**Work item**
Only some lines are wanted. Transcribe, exactly, the lines below from the line with "Hello everyone. In" up to and including the line with "Welcome back. In".

**Records provided**
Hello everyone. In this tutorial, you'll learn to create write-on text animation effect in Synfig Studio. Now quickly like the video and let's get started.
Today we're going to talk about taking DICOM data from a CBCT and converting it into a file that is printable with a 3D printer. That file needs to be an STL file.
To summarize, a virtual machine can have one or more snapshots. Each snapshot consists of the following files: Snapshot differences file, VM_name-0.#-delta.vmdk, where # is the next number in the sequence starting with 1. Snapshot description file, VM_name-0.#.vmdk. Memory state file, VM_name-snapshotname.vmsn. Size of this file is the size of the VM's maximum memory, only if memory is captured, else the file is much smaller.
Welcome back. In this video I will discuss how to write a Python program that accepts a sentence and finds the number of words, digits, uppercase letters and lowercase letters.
==
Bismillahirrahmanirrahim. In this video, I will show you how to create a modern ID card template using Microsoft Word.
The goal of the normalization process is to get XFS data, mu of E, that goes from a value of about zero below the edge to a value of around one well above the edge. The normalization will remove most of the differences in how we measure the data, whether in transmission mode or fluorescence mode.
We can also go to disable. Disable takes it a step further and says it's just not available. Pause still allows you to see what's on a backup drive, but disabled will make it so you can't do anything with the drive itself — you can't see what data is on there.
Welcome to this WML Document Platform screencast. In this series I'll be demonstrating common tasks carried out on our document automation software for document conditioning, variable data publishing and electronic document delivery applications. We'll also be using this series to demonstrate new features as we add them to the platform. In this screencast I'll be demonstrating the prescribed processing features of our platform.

**Written response**
Hello everyone. In this tutorial, you'll learn to create write-on text animation effect in Synfig Studio. Now quickly like the video and let's get started.
Today we're going to talk about taking DICOM data from a CBCT and converting it into a file that is printable with a 3D printer. That file needs to be an STL file.
To summarize, a virtual machine can have one or more snapshots. Each snapshot consists of the following files: Snapshot differences file, VM_name-0.#-delta.vmdk, where # is the next number in the sequence starting with 1. Snapshot description file, VM_name-0.#.vmdk. Memory state file, VM_name-snapshotname.vmsn. Size of this file is the size of the VM's maximum memory, only if memory is captured, else the file is much smaller.
Welcome back. In this video I will discuss how to write a Python program that accepts a sentence and finds the number of words, digits, uppercase letters and lowercase letters.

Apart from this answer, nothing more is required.